I was about 13 or 14 when I first picked up The City of Gold and Lead (book 2 in the trilogy) at my school library. A few years later Boys' Life magazine ran a serial comic book version of book 1: The White Mountains, which I followed with my family. By the time I left home at 19, I and others in my family had read the entire trilogy.
Spoilers below.
The Trilogy (since supplemented by a prequel) follows three boys in the future who are arriving at the age (around 13) to be Capped with a permanent mind control device that will secure their loyalty to the Tripods who conquered Earth 100 years previous. Ozymandias, an itinerant uncapped adult masquerading as a madman, recruits Will Parker to journey from England to the White Mountains in Switzerland and join a band of free, uncapped people. On his way he picks up his cousin Jack and a slight, brainy french boy named Jean Paul, or Beanpole. They journey to the White Mountains in book 1, sally forth to enter a city of the Tripods undercover in book 2, and conquer the Tripods in book 3. The subsquently written prequel narrates how the Tripods conquered a late Information age world (1988) with their advanced knowledge of mind.
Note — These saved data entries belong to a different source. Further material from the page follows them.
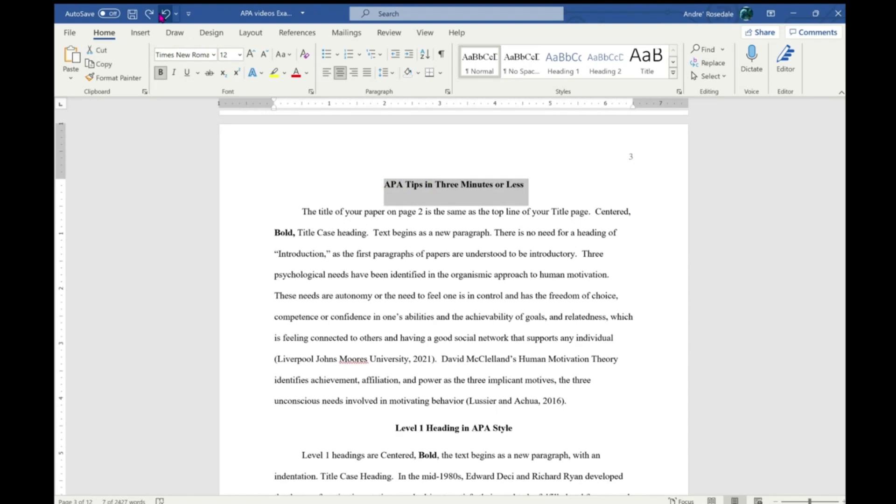And the reference page, which will also be in a future video. Abstracts - if you have an abstract, do not indent the first line.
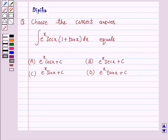Hello and welcome to the session. I am Deepika here. Let's discuss a question which says: Choose the correct answer.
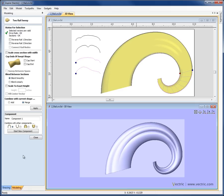That concludes this overview video on using the 2-rail sweep function. Hopefully we've shown you that this is one of the most powerful modeling tools that Aspire has, and can really create everything from very simple straight extruded shapes all the way through to complex borders and very unusual organic type shapes.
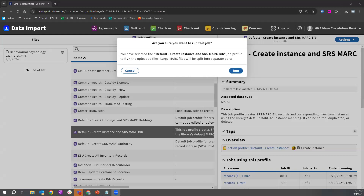A question: can you have more than one identifier for Z39.50 targets, or would you save several Z39.50 target records with different identifiers? You will not be able to have more than one identifier for a single target profile. So if you wanted to have multiple identifiers, you would have to create several Z39.50 target profiles as of today.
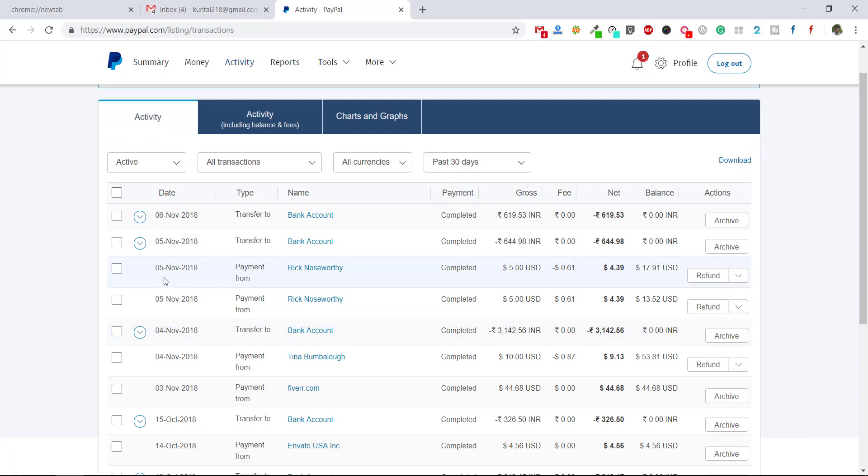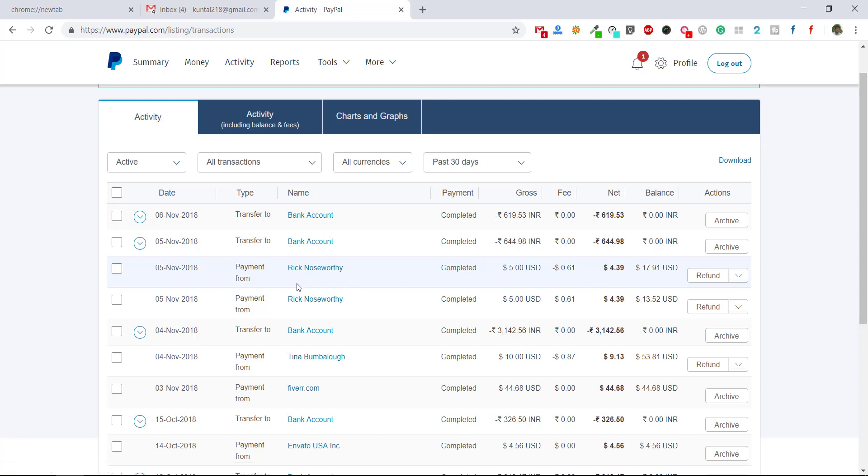For example, I got this payment on 5th November - $5.00, and I received $4.39. If you want to refund to this customer, just click on this refund button.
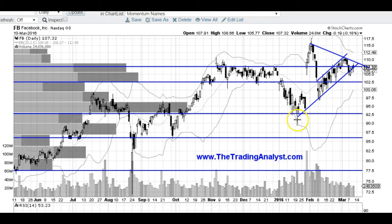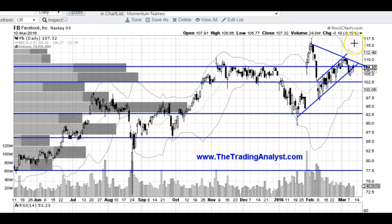What we're looking for is a potential break below this uptrend line right here and we're going to see if this will guide us lower. If we break over this downtrend line right here and over 110, I think we are going to head much higher. 110 is my level of resistance — that's going to be the make or break level for Facebook heading to new all time highs.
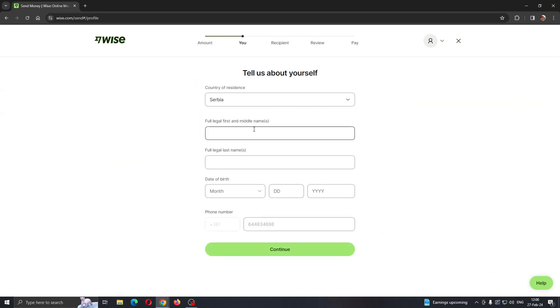After clicking continue, now you can see that we can transfer our money. Enter in the info above us right here, provide your ID and so on, and then click continue which is going to take you to the recipient page.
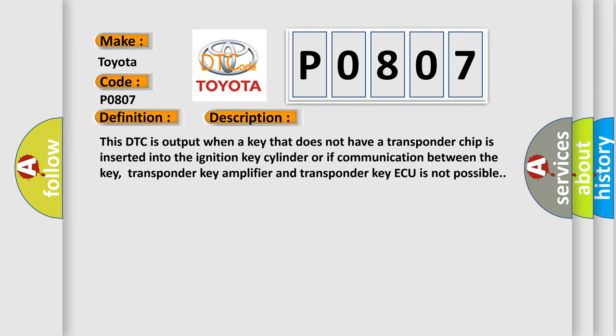This DTC is output when a key that does not have a transponder chip is inserted into the ignition key cylinder, or if communication between the key, transponder key amplifier, and transponder key ECU is not possible.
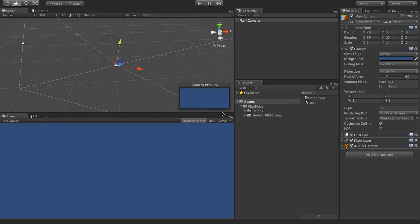Hello and welcome to this demonstration of Modular RPG Combat. In this demonstration I will show you how to implement this asset into any project that you might have or be starting on. In this case I'm starting from a blank canvas, just as an example, but you could just as well have an existing scene that you want to implement this on.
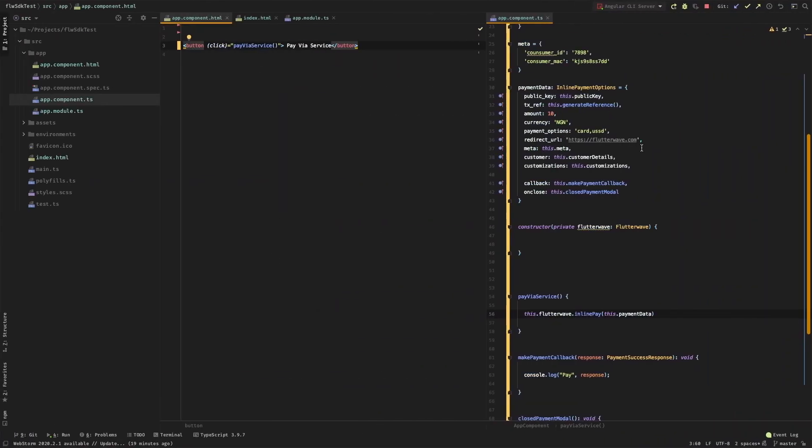For more information on the payment parameters that are required, please visit the Flutterwave documentation page. Thank you.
I picked up the trilogy and the prequel at Amazon as a somewhat selfish Christmas gift for my children. They weren't interested, so I stole time over Christmas vacation as available to read the prequel, which was new to me, and the rest of the trilogy. I wrote the following on January 2, the first day back from vacation.
I read The White Mountains and its prequel, When the Tripods Came, last week with my new perspective. And early this morning I awoke and started The City of Gold and Lead. Early in the book I came across an incident and a sentence that crystallized a gnawing objection that had been building in me, and I don't believe I will finish the book or read its successor. The sentence was something like this: "Getting to the City of the Tripods was more important than the lonely old man on his island." That sentence crystallized for me the bad morality upon which the series is built. The boys stole the [uncapped] man's boat and continued on their journey. And I have to ask, "For what?" For what good are we fighting if our good is darkness? Throughout the book I was aware that the unCapped made their living by raids on the Capped, with occasional homicides ("collateral damage" is our euphemistic term, I think), and I wondered what gave them any moral authority at all over the Capped and the Tripods. Oh, well. Such is the difference, I hope, between good literature and great, between John Christopher and Charles Dickens or Leo Tolstoy.I feel bad about my casual criticism of John Christopher, and I would gladly write as influentially as he did.
Since I put the series down I have given some additional thought to the nature of good and evil. "What," I have asked myself, "made the uncapped the good guys?" Other than the kinship we feel with them and the horror over the invasion of the Tripods and their control over Capped human minds, what essential moral quality makes the boys and their fellow "free men" more good than the Capped and the Tripods they serve.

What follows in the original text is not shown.